Eighteen drivers are taking part in the shoot-out for one of 10 places in the Academy. They started the week being put through their paces on the track, at the gym and in the classroom with a variety of driving, fitness and team-building tests.
Taylor, 22, already has an exciting year lined up, as one of just six young drivers to win a ‘scholarship’ to take part in the FIA WRC Academy, a sub-series of the elite World Rally Championship, along with fellow Australian, Brendan Reeves.
The WRC Academy is a specially tailored training program designed to develop the best young rally drivers into world-class competitors. They will contest six European rounds of the world series in identical Fiesta R2s.
But the Academy is something different again. Its goal is to prepare young drivers to compete at the top of their sport, to increase skills in the area of driver and road safety and to actively promote safety, fairness and responsibility both on and off the track. The successful 10 for the inaugural program will be announced later this week.
“This programme represents a major breakthrough in motor sport training,” says the Institute’s performance manager and former F1 driver, Alex Wurz.
“Even at the highest level, among some of my colleagues in Formula One, I have seen them relying only on their driving and not realising the potential that an initiative like this unlocks.”

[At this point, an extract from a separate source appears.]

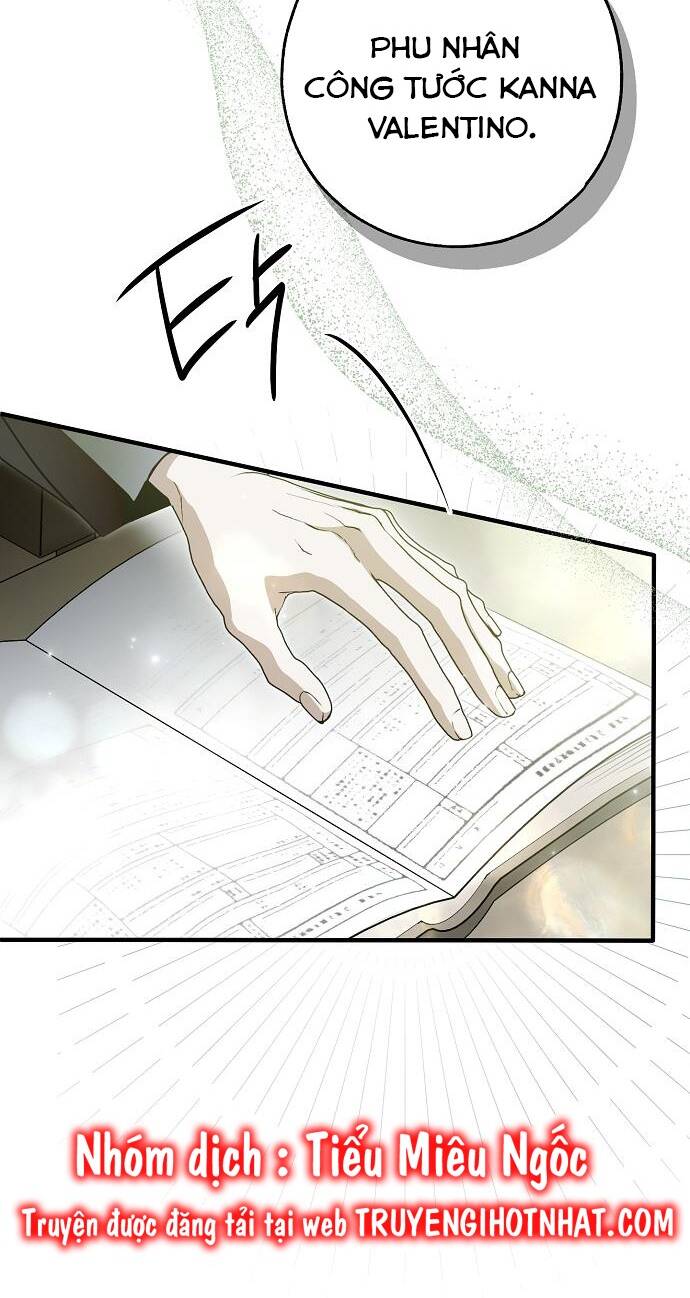 Ai Đó Đang Điều Khiển Cơ Thể Của Tôi - Chap 34 - Trang 9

The driving elements of the day included an examination of various skills behind the wheel before the participants moved to the gym where they were put through a mixture of exercises to test muscle strength and endurance for the key areas associated with high performance motor sport athletes.

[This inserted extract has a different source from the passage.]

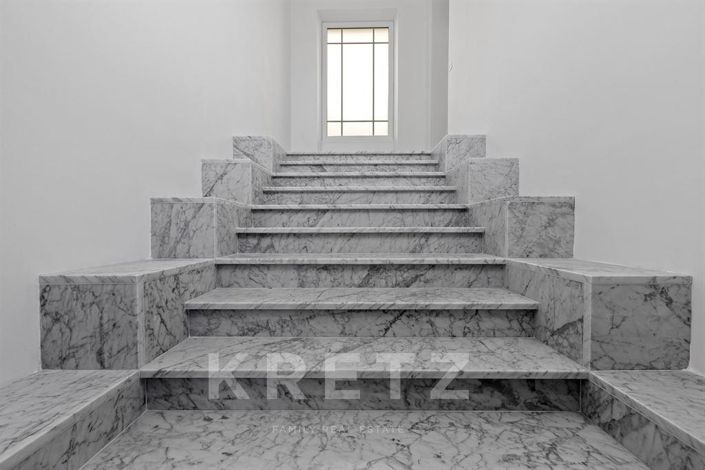 Image No.8-Propriété de 4 chambres à vendre à Cannes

Intelligence, common sense and the ability to multi-task came to the fore in the classroom, where the 18 drivers were set a variety of team assignments, including producing a paper aeroplane capable of flying 10 metres, solving equations for fuel loads and answering complex questions.
The next stage of the assessment is designed to see how each competitor improves in each area and how they cope with the possibility of someone else being better – and worse – at each test than they are.
“Today was hard work but I got a huge amount out of it,” says Taylor.
“It’s always good to be put in these environments, surrounded by so many competitive people, to be really thrown in at the deep end. For me, I’m very overwhelmed by the company that I’m in, so it’s easy to feel a bit intimidated by that, but you can learn a lot from those people. You have to perform under pressure and that’s everything you do on the stage in a rally.
“I came over to the UK to throw everything I had into a motor sport career and an opportunity like this, to be part of a new initiative with the FIA Institute is great. I don’t have a huge budget, so to have the potential to have access to people with so much experience is a fantastic way to try and further my career.”